Look, guys (including, you, Dave), the truth is, the guys who did (have done) the long stretches have all accomplished some major (mostly good) things, which deserve recognition and acclaim.IMHO, however, what Dave'n'Ger accomplished was the best continuous, contiguous storyline, with the best blend of (REALLY blended) comic art, over 236 issues that has ever been done.Feel free, scholar squirrels, to disparage and scourge me.

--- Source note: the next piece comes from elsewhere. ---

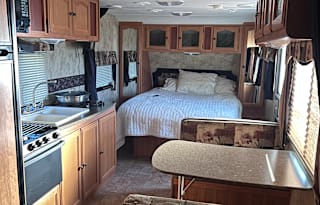 5 person RV rental- for light towing w/generator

I think it is hard to quantify what Dave did with Cerebus, and until there are more examples of people doing what he did, I'm not sure we can necessarily label it just yet. Maybe. Hmm, column idea for the Atomic Junk Shop....Add in Stan Sakai's Usagi Yojimbo and Sergio Aragones with Mark Evanier on Groo as two more examples of long-running comic book achievements. I'd say Los Bros Hernandez both generally are making their comics "within a universe", so to speak, as Xaime's stuff is Maggie and Hopey and their relationships, and Beto seems to be telling the story of Luba and her family, of which the Palomar stuff was a beginning. I'm not sure of page counts with them, but issue number-wise, there were 50 issues of v1, 20 of v2, 6 or 8 volumes of New Stories, and now the second issue of the new L&R should be out next month some time. So about 80 issues just of L&R, with Beto doing some other titles that tie into his own universe, maybe 20 pages an issue, so I would guess somewhere 1500-2000 pages, which is an accomplishment, but short of Dave.I like Groo, but I don't think they're trying to tell the story of a life per se there. There were 120 (or more) Epic issues, a few before, a few Image ones after, several Dark Horse minis now, so let's say 150 issues, so about halfway there.Usagi Yojimbo will probably be the next contender. Sakai has done over 200 issues, and is telling the life story of the rabbit samurai, so he may match or even surpass Dave. It's also high quality, as well. Savage Dragon is telling a life. Larsen joked once to Wizard that he wanted to do 301 issues "just to piss Dave Sim off". As I said, he's somewhere around 225, so he's got a ways to go. He's telling a life story there too.And that's all I'll ramble about right now!
Finally watched the video, and I gotta say, we BETTER find out what Scrudder's talking about! So mysterious!And hey, Jeff, the Psycho music may have traumatized you, but at least Dave wasn't in the shower like in the movie!